*** Opening GIVEN RECORDS ***
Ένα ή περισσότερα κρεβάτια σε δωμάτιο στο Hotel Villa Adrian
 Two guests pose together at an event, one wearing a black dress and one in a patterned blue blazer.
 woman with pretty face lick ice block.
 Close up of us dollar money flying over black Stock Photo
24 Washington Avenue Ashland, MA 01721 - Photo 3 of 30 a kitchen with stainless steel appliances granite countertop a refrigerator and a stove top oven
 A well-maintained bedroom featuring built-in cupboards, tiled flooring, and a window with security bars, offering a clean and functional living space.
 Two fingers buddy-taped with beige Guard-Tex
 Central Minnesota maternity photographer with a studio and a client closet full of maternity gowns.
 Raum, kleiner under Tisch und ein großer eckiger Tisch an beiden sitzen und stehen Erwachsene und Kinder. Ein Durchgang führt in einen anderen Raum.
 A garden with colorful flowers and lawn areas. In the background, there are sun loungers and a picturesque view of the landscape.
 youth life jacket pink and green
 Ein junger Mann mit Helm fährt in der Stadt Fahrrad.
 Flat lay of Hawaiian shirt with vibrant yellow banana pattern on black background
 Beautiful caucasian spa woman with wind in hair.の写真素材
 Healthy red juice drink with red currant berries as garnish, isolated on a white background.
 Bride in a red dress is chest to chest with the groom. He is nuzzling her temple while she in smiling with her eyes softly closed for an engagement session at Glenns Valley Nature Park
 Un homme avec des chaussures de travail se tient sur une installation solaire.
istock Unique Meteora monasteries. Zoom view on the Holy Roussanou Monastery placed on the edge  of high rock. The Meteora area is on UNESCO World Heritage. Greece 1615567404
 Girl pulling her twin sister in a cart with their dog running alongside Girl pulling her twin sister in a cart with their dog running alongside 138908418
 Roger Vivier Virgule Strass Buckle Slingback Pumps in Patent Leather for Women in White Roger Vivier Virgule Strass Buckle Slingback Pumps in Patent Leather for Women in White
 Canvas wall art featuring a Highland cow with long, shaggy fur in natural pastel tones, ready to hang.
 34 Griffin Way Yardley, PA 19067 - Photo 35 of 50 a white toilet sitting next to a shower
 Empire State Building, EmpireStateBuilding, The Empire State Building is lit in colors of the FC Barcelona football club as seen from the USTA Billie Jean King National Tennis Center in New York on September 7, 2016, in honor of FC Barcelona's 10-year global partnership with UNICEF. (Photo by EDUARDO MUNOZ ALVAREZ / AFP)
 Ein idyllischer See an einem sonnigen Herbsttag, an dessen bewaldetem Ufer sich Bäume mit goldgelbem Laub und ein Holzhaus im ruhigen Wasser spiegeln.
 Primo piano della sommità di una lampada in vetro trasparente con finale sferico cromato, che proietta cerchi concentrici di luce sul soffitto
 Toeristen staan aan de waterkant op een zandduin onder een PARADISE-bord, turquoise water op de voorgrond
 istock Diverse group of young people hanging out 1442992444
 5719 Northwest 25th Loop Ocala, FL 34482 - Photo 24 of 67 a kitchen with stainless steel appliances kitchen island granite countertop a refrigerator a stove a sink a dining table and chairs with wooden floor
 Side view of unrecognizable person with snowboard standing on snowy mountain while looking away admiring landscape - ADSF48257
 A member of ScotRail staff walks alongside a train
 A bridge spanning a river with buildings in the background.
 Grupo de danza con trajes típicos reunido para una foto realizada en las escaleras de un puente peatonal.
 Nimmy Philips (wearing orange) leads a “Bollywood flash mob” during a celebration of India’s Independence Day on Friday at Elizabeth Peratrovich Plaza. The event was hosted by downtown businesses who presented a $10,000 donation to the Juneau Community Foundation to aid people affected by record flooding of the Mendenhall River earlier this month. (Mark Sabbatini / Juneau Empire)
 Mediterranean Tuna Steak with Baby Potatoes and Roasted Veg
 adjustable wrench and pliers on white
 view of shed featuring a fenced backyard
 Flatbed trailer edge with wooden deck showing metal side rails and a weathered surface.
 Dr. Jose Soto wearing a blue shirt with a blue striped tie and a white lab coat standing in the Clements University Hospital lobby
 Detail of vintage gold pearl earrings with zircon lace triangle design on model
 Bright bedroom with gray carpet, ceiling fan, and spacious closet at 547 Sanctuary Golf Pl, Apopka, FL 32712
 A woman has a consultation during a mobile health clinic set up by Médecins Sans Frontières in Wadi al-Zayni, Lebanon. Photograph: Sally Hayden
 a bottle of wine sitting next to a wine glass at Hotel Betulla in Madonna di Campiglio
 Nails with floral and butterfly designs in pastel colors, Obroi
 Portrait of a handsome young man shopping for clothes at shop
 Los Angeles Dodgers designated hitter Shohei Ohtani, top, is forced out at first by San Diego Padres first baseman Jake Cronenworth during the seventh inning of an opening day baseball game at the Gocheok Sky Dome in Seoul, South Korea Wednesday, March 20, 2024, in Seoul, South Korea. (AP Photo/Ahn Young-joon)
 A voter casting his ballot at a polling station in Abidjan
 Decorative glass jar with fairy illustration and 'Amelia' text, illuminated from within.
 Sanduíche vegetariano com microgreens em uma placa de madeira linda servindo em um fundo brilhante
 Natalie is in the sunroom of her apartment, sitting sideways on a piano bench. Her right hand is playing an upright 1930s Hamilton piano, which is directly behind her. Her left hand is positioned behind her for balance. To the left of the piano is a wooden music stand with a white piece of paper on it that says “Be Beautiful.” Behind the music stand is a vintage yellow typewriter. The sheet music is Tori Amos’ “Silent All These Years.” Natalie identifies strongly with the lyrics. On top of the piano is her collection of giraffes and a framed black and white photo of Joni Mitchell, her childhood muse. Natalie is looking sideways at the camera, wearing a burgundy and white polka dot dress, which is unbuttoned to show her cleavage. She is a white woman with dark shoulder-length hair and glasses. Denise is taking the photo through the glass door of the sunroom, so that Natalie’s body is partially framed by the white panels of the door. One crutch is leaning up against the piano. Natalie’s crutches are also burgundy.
*** Closing GIVEN RECORDS ***
== WORK REQUEST ==
Please work out how many lines in the records hold the string "closet", and give only the number.

== RESULT ==
2